Running 21 machines probably requires as much annoying maintenance work as EKS, though the maintenance includes swapping bad hardware, fiddling with ethernet cables, and wearing ear protection (if a rack is involved) instead of debugging piles of yaml and AWS roles, optimizing to stay in budget, etc, etc.

2 more replies

fragmede3y ago

Using kube for that is pretty fancy if you aren't already using kube elsewhere, but you don't just have a single Jenkins worker, you have multiple. All that kube is doing is giving a very convenient lever for autoscaling, but other platforms give you this lever as well. If you're not scaling Jenkins workers (or whatever) to match demand, even manually (spin workers down on weekends), you're wasting developer time, compute resources, or both.

Someone's got a new project for Q2 if they aren't doing this already - it's a pretty easy sell if you calculate out the time savings for developers during busy time of day + savings on spinning down compute resources in the middle of the night/weekends, and being able to put "I saved the company $X in idle compute and saved developers Y hours per day" on your yearly performance review looks pretty good.

actionfromafar3y ago

Yeah... I don't know.
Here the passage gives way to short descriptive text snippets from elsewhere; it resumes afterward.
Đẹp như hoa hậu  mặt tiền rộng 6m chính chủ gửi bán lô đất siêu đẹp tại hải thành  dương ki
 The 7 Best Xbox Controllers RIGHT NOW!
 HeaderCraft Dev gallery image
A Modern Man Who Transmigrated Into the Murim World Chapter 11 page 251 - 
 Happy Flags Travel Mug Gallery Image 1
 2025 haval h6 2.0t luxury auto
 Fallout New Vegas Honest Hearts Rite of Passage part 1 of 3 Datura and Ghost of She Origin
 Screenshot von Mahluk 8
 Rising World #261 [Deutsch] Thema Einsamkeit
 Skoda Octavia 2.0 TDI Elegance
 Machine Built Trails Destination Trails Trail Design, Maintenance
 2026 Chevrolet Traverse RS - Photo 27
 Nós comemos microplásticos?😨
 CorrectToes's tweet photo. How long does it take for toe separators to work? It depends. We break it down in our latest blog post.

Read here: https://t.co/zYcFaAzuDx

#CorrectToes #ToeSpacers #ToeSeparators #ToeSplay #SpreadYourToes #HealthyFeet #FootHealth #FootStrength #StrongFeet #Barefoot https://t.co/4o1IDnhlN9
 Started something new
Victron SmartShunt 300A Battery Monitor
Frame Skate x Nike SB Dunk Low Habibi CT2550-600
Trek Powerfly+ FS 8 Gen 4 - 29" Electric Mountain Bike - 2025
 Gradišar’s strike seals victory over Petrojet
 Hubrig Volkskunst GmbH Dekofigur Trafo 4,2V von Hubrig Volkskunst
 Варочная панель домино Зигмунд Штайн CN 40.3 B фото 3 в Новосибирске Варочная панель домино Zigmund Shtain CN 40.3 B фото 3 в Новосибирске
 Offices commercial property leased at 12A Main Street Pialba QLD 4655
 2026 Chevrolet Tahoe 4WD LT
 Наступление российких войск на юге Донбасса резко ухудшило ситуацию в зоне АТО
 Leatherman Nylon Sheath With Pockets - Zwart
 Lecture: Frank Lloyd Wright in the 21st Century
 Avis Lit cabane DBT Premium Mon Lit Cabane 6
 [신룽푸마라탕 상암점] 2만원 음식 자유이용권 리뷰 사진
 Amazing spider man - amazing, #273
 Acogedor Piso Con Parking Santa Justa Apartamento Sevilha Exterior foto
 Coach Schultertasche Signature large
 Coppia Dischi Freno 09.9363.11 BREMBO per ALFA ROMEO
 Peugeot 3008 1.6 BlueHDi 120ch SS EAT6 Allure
We don't, but we have talked about it though, because the Azure pipelines are. just. so. slow. On the other hand, more complexity and Rube Goldberg-machinery is not something we long for.

I have started tinkering with Fastbuild, and preliminary testing makes it seem like to good to be true, or the best thing since sliced bread. I'm sure there are drawbacks somewhere, but it's really fast.

Then again, a big chunk of our pipelines is not actually the compilation, but stuff like downloading nuget packages, uploading artifacts and stuff, all of which are. very. very. slow.

alrocarOP3y ago

Thanks for this comment. I guess there's sometimes we (developers) take things for granted when they are not, and that puts a lot of pressure on us instead of celebrating our wins.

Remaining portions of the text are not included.